Pepsi continua a número 2, mesmo atacando a Coca, diz 'pai do marketing moderno'
O especialista em marketing Philip Kotler - Divulgação
Philip Kotler afirma que grandes marcas mantêm liderança lembrando constantemente seus clientes do que prometem entregar
Folha de São Paulo
Em 1967, pouco depois de começar sua carreira como professor universitário na Kellogg School of Management, da Universidade Northwestern, em Illinois (EUA), o economista americano Philip Kotler publicou o livro "Administração de Marketing: Análise, Planejamento e Controle". Até hoje a obra, na sua 16ª edição, é considerada a "bíblia do marketing" e já foi apontada pelo jornal Financial Times como um dos 50 melhores livros de negócios de todos os tempos.

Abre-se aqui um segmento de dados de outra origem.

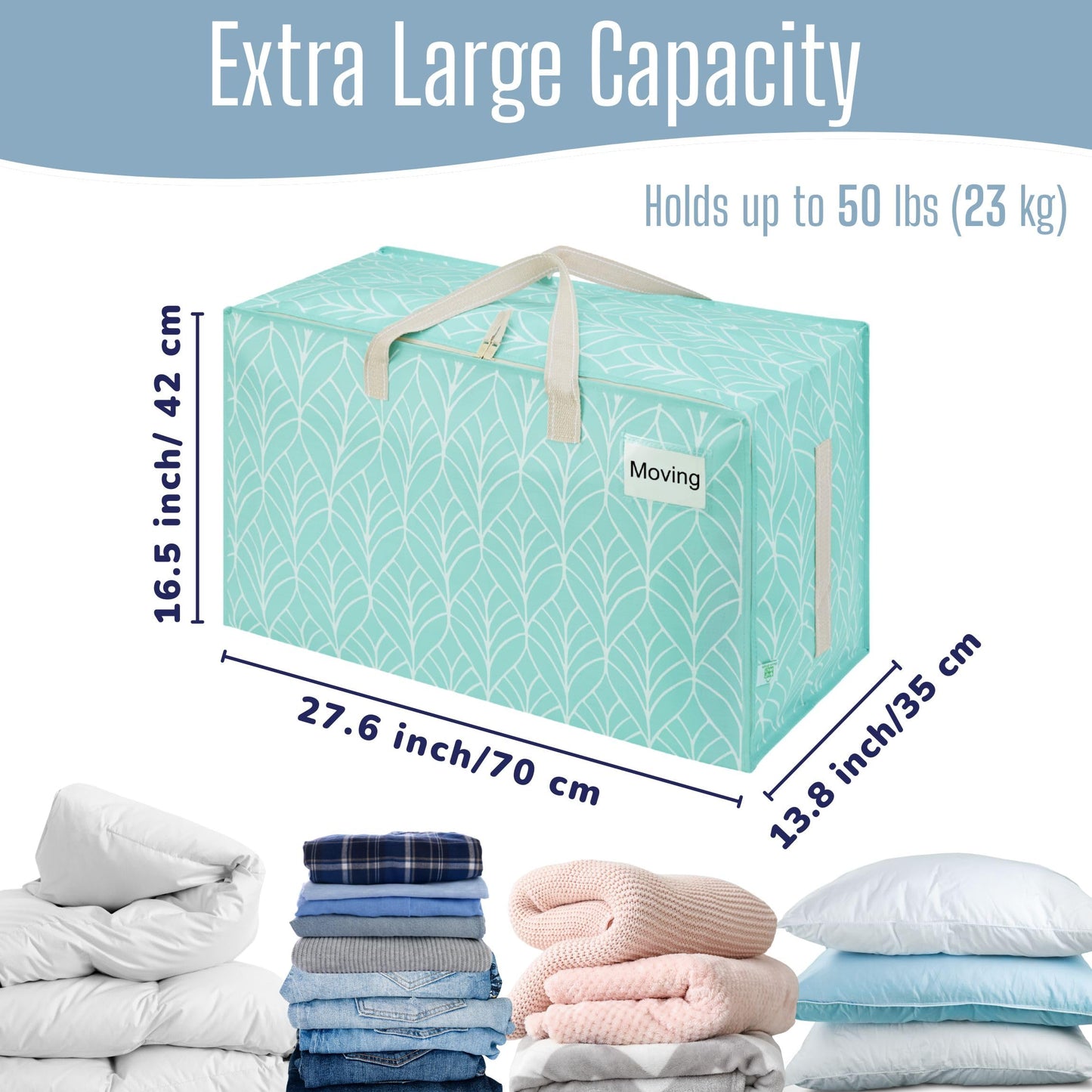 VENO 6 Pack Heavy-Duty Oversize Large Storage Bag with Zips for Moving, Clothes Storage, Laundry Bag, Packing, House Solutions, Water-Resistant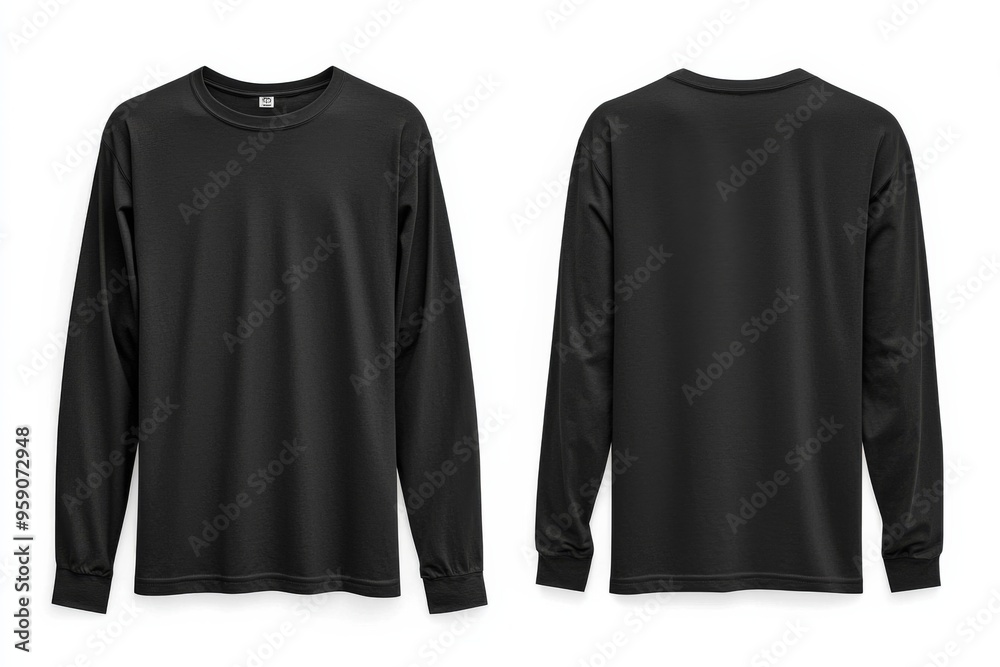 Wall mural Black long sleeve tshirt mockup isolated created with Generative AI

O livro destrincha a teoria dos "4Ps do marketing": preço, praça, produto e promoção, os fatores que precisam ser levados em conta para planejar e executar estratégias de vendas. Kotler defende que o marketing está estritamente ligado à economia não apenas pelo preço mas por direcionar a demanda, que pode ser alterada de acordo com os canais de distribuição.
Para o economista, o lucro precisa estar associado ao bem-estar do consumidor e da sociedade: a competição deve levar à evolução constante de serviços e produtos, de acordo com o perfil de cada público. Serviços e produtos, por sua vez, oferecidos com excelência, vão levar à compra recorrente.
Nesse sentido, de nada adiantam as campanhas que procuram atacar os concorrentes —como algumas que já ficaram emblemáticas entre as gigantes dos refrigerantes Coca-Cola e Pepsi.
"A Pepsi-Cola ainda é a número 2, apesar dos constantes ataques à Coca-Cola. As grandes marcas mantêm a liderança lembrando constantemente seus clientes do que prometem entregar", diz Kotler, em entrevista à Folha.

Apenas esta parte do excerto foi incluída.